-- Records for the task --
-- Opening Marker --
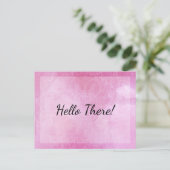 "Hallo!" Hinweis: Mandala mit rosa Wasserfarbe Postkarte (Stehend Vorderseite)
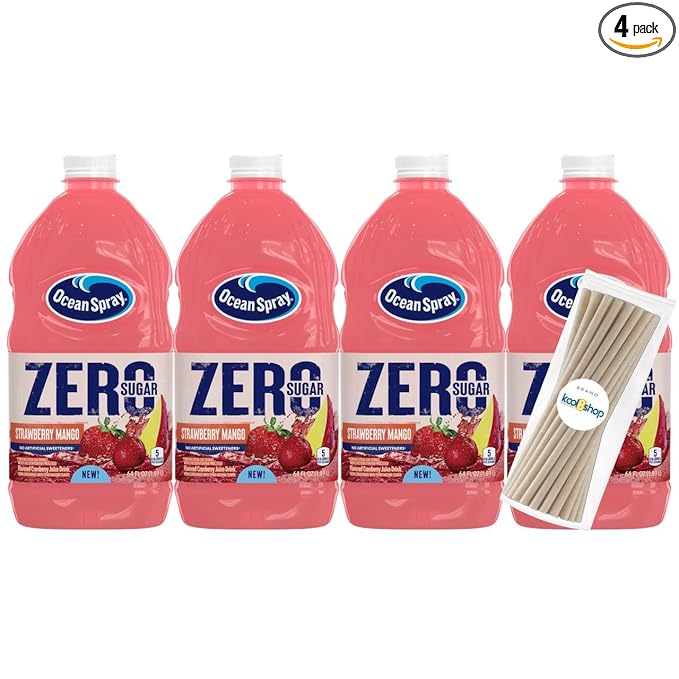 Ocean Spray Strawberry Mango Zero Sugar Fruit Juice Drink 64 fl oz 4 Pack + 15 Sugarcane Disposable Straws by KOOL8SHOP Infinite Deals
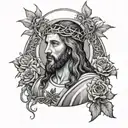 jesus wearing a thorn crown with archangle micheal holding a dagger sitting down below, with a cross, vines, flowers tattoo design idea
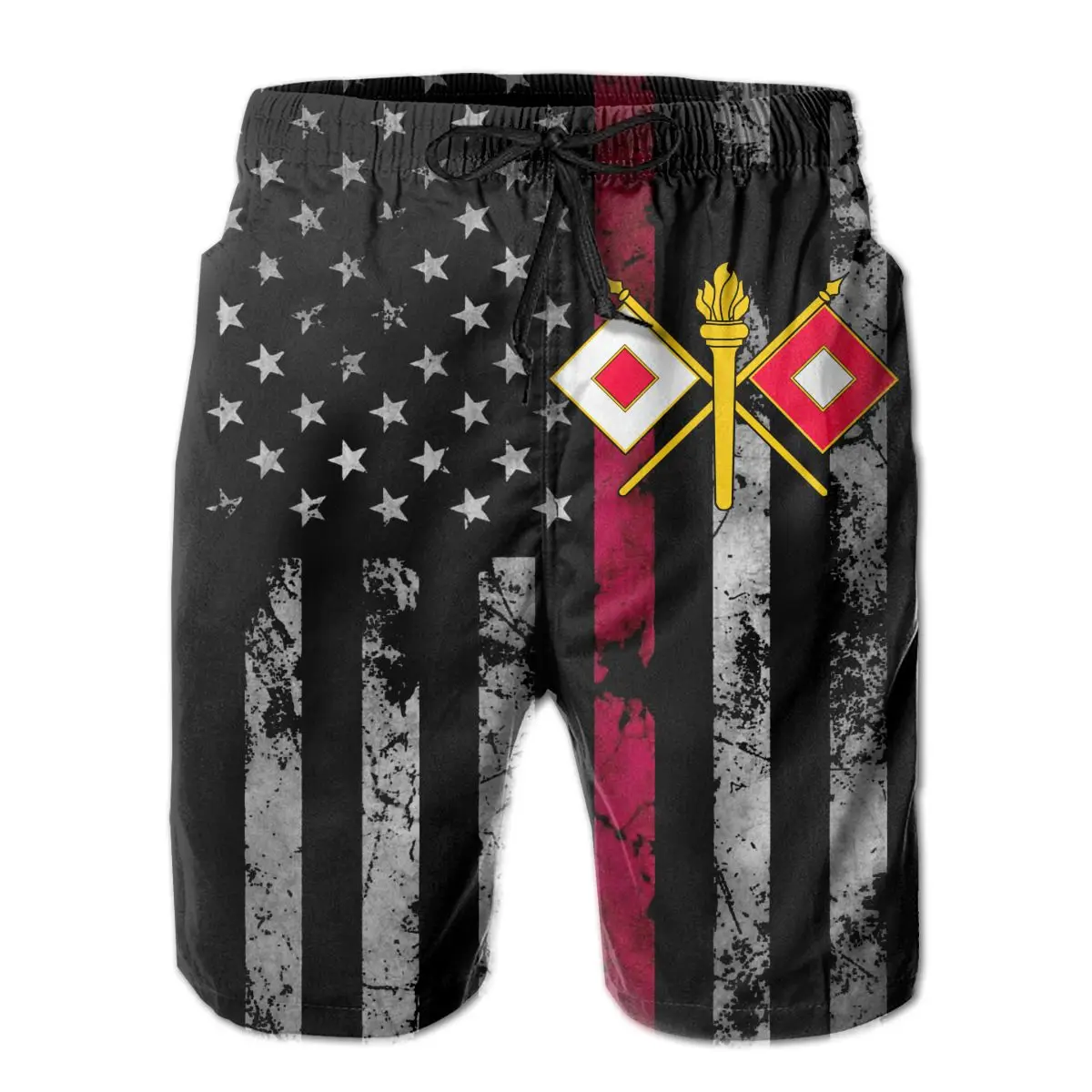 

US Army Signal Corps Men's Shorts Casual Classic Fit Drawstring Summer Beach with Elastic Waist and Pockets M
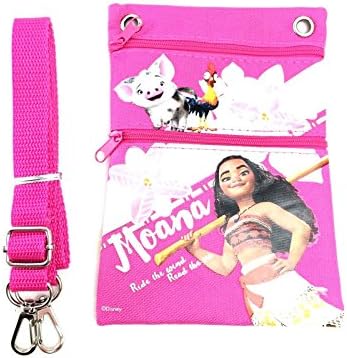 Party Favors Disney Moana Wallet-Passport Bag- String Sling Tote Bag Backpack (PASSPORT BAG PINK)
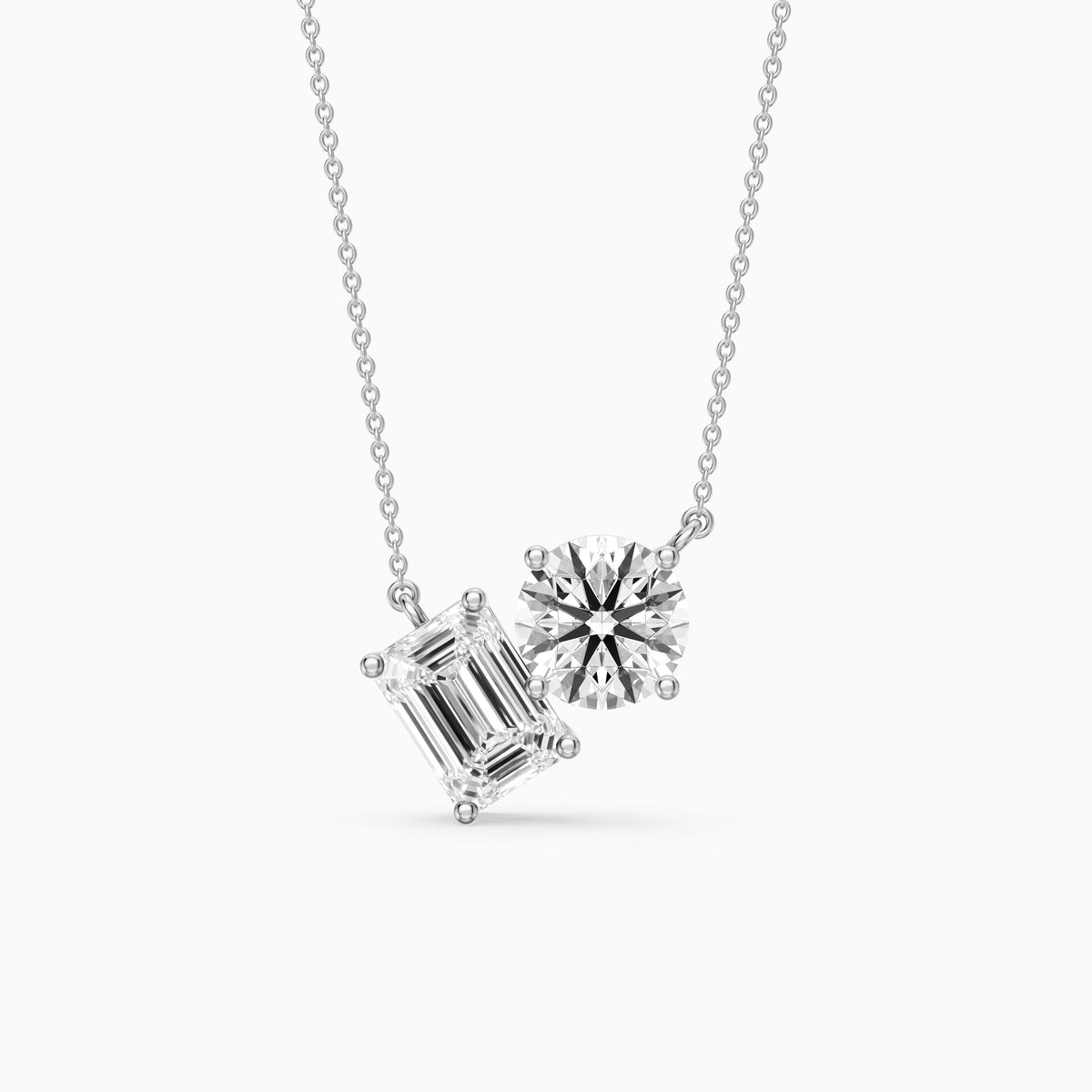 Navy Emerald and Round Lab Grown Diamond Toi Et Moi Pendant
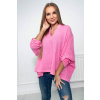 Fashionweek Talianska bavlnená blúzka s výstrihom do V K9448 Farba: růžová candy pink, Veľkosť: Universal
-- Closing Marker --
-- Your objective --
Only the lines from the one with "jesus wearing a" through the last line above belong in the answer. Reproduce them exactly, without the pictures.

-- Output for this exercise --
 jesus wearing a thorn crown with archangle micheal holding a dagger sitting down below, with a cross, vines, flowers tattoo design idea

US Army Signal Corps Men's Shorts Casual Classic Fit Drawstring Summer Beach with Elastic Waist and Pockets M
 Party Favors Disney Moana Wallet-Passport Bag- String Sling Tote Bag Backpack (PASSPORT BAG PINK)
 Navy Emerald and Round Lab Grown Diamond Toi Et Moi Pendant
 Fashionweek Talianska bavlnená blúzka s výstrihom do V K9448 Farba: růžová candy pink, Veľkosť: Universal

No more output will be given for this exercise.